**Exercise**
The whole listing below is to be copied exactly, with every picture left out.
___
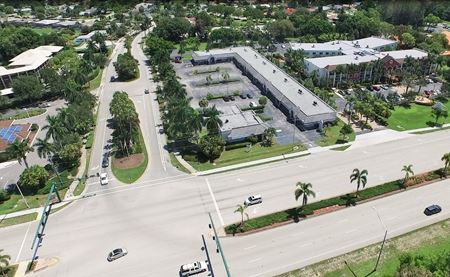 Lely Plaza | Stand Alone Building - Naples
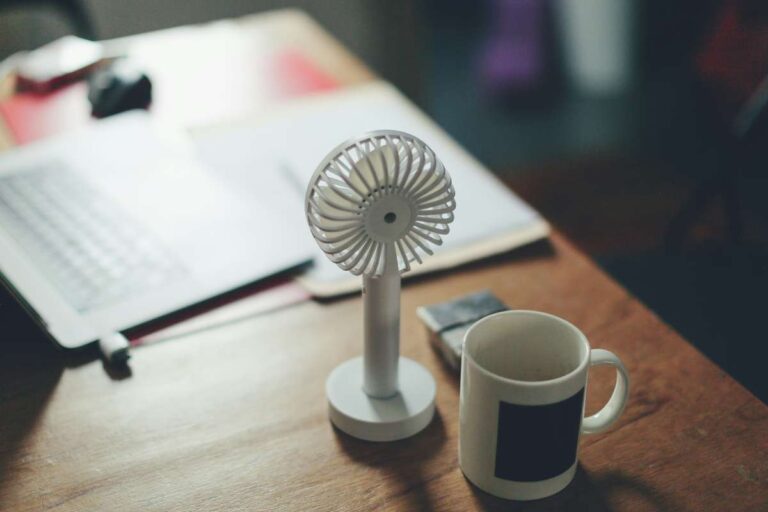 Compact bladeless fans for desks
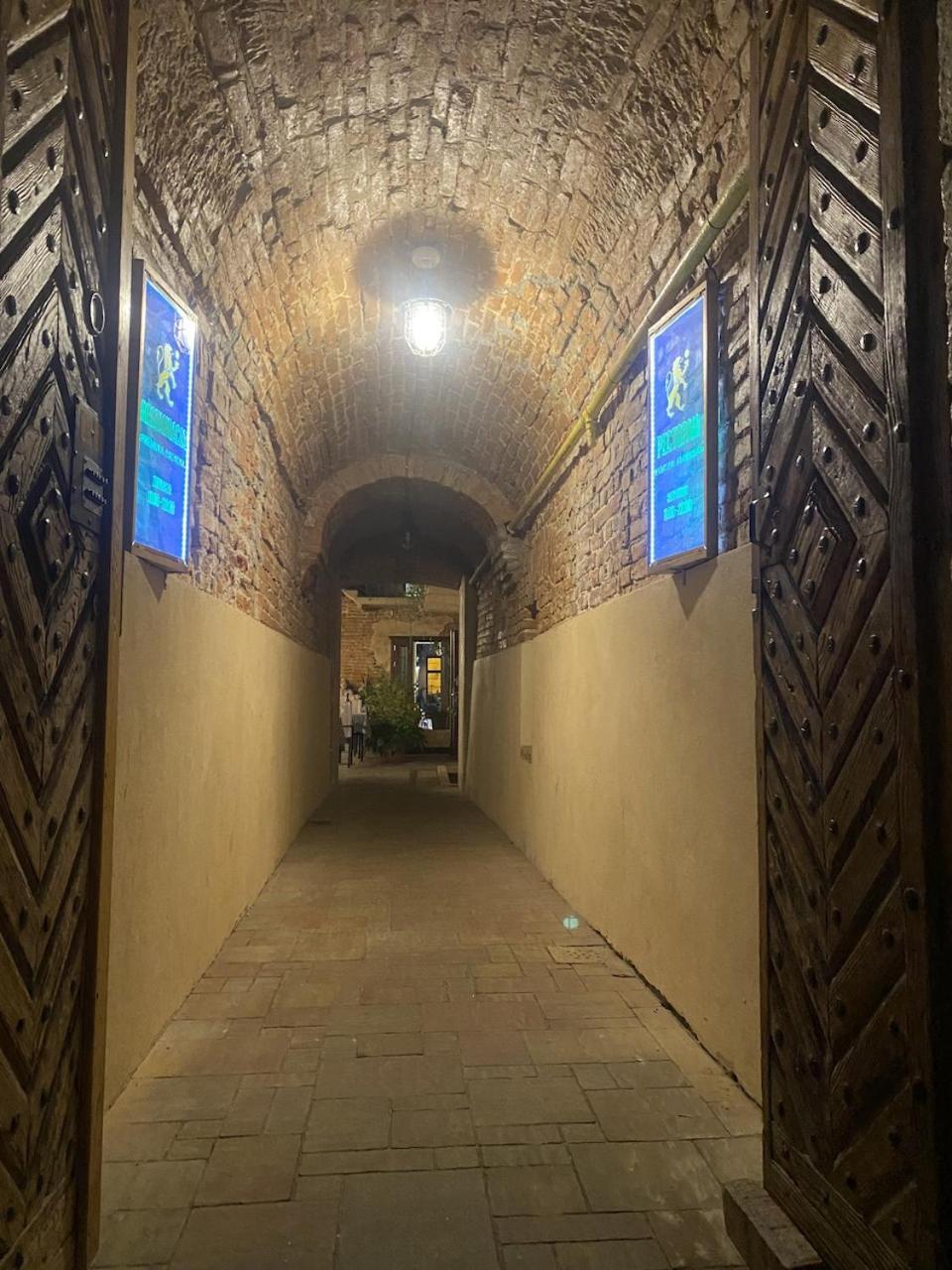Apart Yaroslava Osmomysla 9 Square - City Center Λβιβ Εξωτερικό φωτογραφία
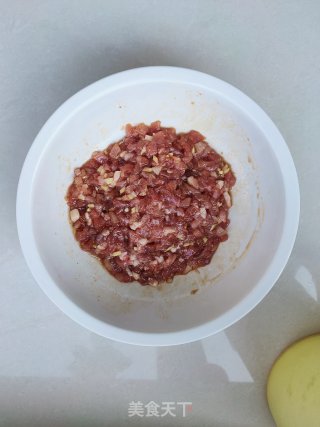 骨汤猪肉韭菜馄饨的做法步骤：2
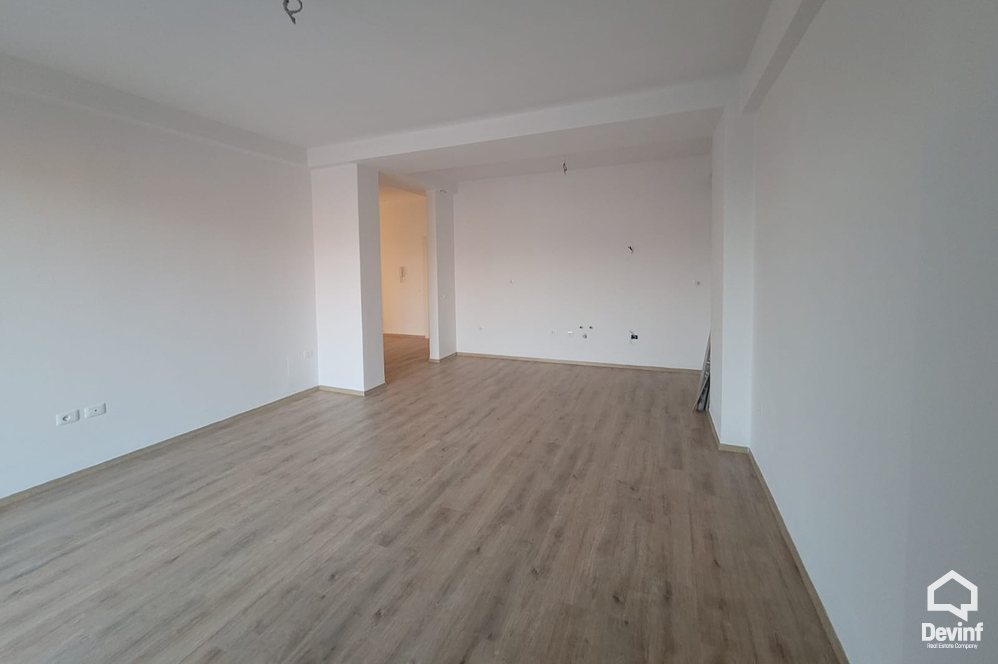 Tirane Qera Apartament 3+1+A Zyre ne Rrugen Myslym Shyri apartament zyre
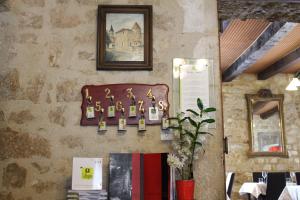 Fotografie z fotogalerie ubytování Logis Hotels- Auberge de la Tour - Hôtel et restaurant v destinaci Sauzet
___
**Task output**
 Lely Plaza | Stand Alone Building - Naples
 Compact bladeless fans for desks
Apart Yaroslava Osmomysla 9 Square - City Center Λβιβ Εξωτερικό φωτογραφία
 骨汤猪肉韭菜馄饨的做法步骤：2
 Tirane Qera Apartament 3+1+A Zyre ne Rrugen Myslym Shyri apartament zyre
 Fotografie z fotogalerie ubytování Logis Hotels- Auberge de la Tour - Hôtel et restaurant v destinaci Sauzet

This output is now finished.